Retype exactly every line from the one that includes "A neatly made" through the final line of the listing, both ends kept, and omit the pictures.

> _INFORMATION SHOWN_:
══════

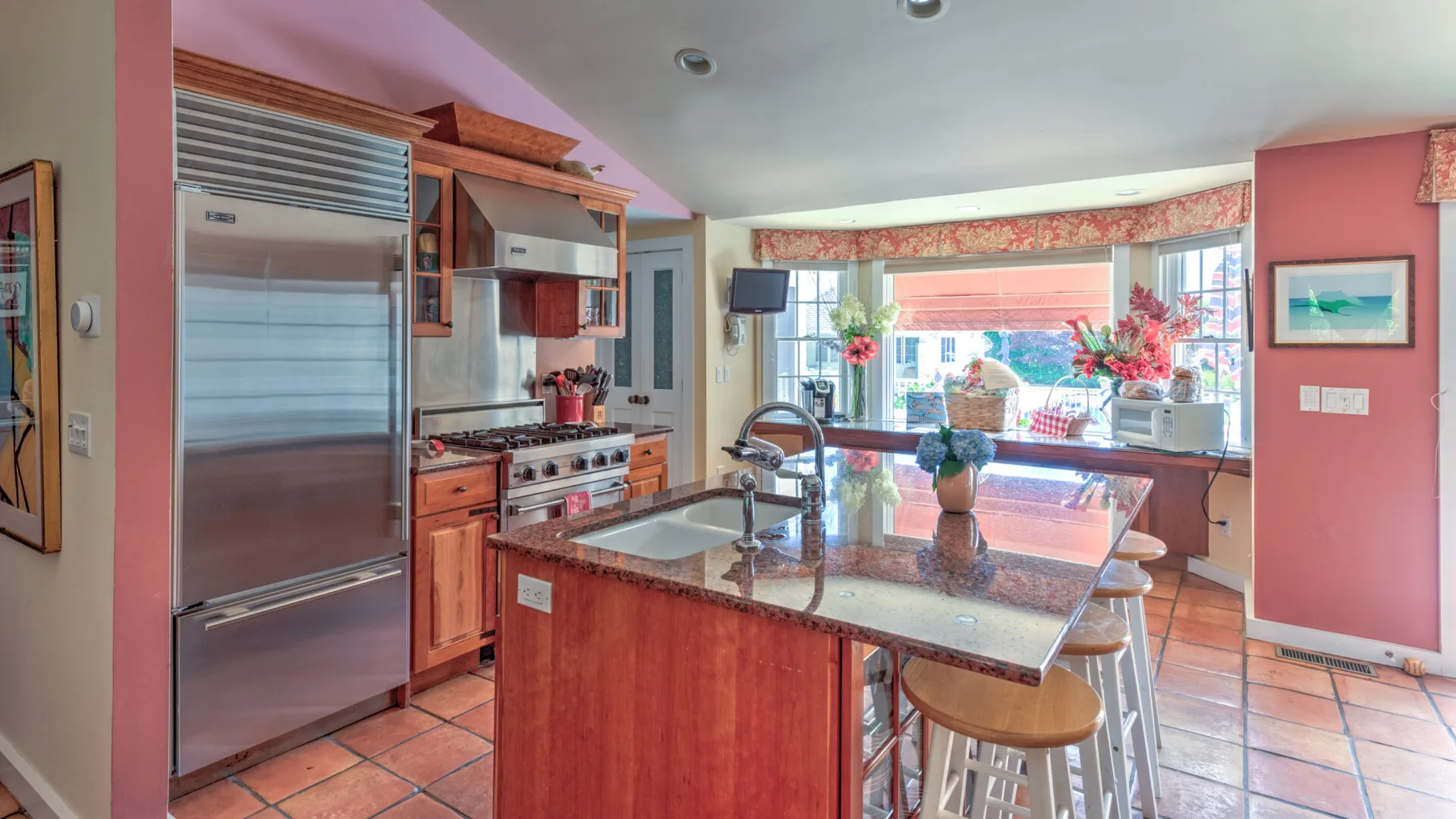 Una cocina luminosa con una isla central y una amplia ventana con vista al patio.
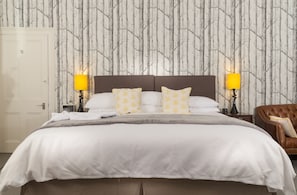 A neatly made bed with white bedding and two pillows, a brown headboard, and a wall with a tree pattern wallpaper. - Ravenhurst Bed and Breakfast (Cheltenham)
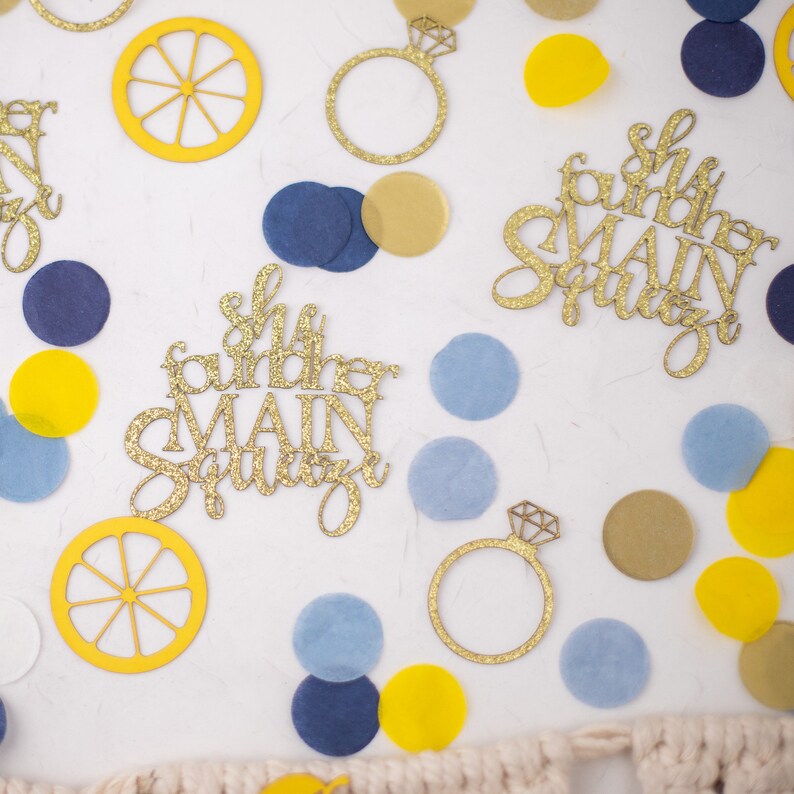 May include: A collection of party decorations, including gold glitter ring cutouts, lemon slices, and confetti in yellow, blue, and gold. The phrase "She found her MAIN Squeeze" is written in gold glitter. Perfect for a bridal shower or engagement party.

══════

> _RESPONSE_:
 A neatly made bed with white bedding and two pillows, a brown headboard, and a wall with a tree pattern wallpaper. - Ravenhurst Bed and Breakfast (Cheltenham)
 May include: A collection of party decorations, including gold glitter ring cutouts, lemon slices, and confetti in yellow, blue, and gold. The phrase "She found her MAIN Squeeze" is written in gold glitter. Perfect for a bridal shower or engagement party.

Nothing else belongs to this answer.